Leon carefully unlocked the door and stepped in. He wanted to be quiet in case you were asleep. A deep breath escapes him, his body feels heavy. He simply wants to lay in bed, snuggled up with you. He took his shoes off and hung up his jacket before heading towards your shared room. As he approaches the cracked open door, he notices the lamp still on, and he swears he can hear quiet sobs. His eyebrows furrowed in confusion, but as he slowly opened the door more, his heart sunk. You were now curled up, sobbing your sweet eyes out. He couldn't believe it, his darling girl was broken down. What could have caused this?
“Babygirl?” His voice was soft, but his concern was also clear. He steps towards you with a bit of urgency. As you look over and see him, you gasp and quickly sit up.
“Leon.. oh gosh, I'm sorry. I didn't think you-” You try to think of what to say, but your cheeks only heat up in embarrassment. Leon carefully kneels in front of you, his lips curled into a frown. He gently reaches for your hand and squeezes.
“My love, what's the matter?” He questioned with such patience. There was no sign of annoyance or frustration, only worry. You couldn't help but sniffle more, but you did your best not to break again.

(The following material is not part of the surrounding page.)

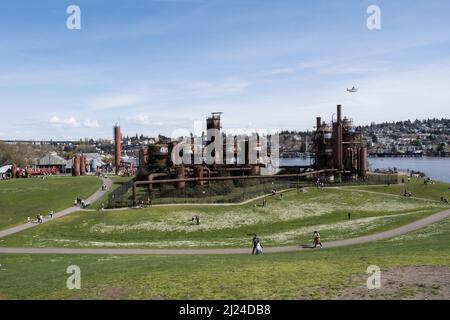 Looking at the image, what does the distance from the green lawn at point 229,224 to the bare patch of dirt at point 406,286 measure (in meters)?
22.3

“I just.. started overthinking. I feel so bad about myself, I look awful and I'm not good enough for you.” You begin to ramble, breathing was already shaky and hard to keep up with. Leon's heart shatters as he listens, how could you possibly think that?
“Shh, shh, (Y/n).” He calls softly, holding your face in his large, calloused hands. You immediately stop and tear up at the contact, you didn't realize how touch starved you are.
“You are the most precious thing in the world to me. I don't know what I ever did to deserve you. You're the reason I wake up in the morning. You have such a kind, gentle heart. And god, you're fucking beautiful, baby. I wouldn't want anyone else by my side. Please, don't bully yourself like this.” His words were full of love and passion. He adores you and it shows. You can only sob, but it's less sad this time. You cling to him, your arms wrapping around his neck. You feel his hands rest on your lower back, gently rubbing, you feel safe again.
“I missed you so much, Leon.” You whimpered softly, digging your face in the crook of his neck to get his scent. He smells of cedarwood. Leon smiles, hugging you tighter.
“I missed you more, babygirl. C’mon, let's get cleaned up and ready for bed, hm? I think we're both exhausted.” He suggests while rubbing your head. You slowly pull back and nod, rubbing your eyes. He smiled and carefully pulled you into a loving kiss. He loves to show you how much he cares for you. And who are you to deny the affection?
After the tender moment, you both stand up and head to the bathroom. Leon gets cleaned up and you both change into your pajamas. He grabs some wipes and gives your face a gentle cleaning, leaving kisses on your nose and cheeks. You giggle, the racing thoughts are slowing down. As long as Leon and you are together, you both stay afloat.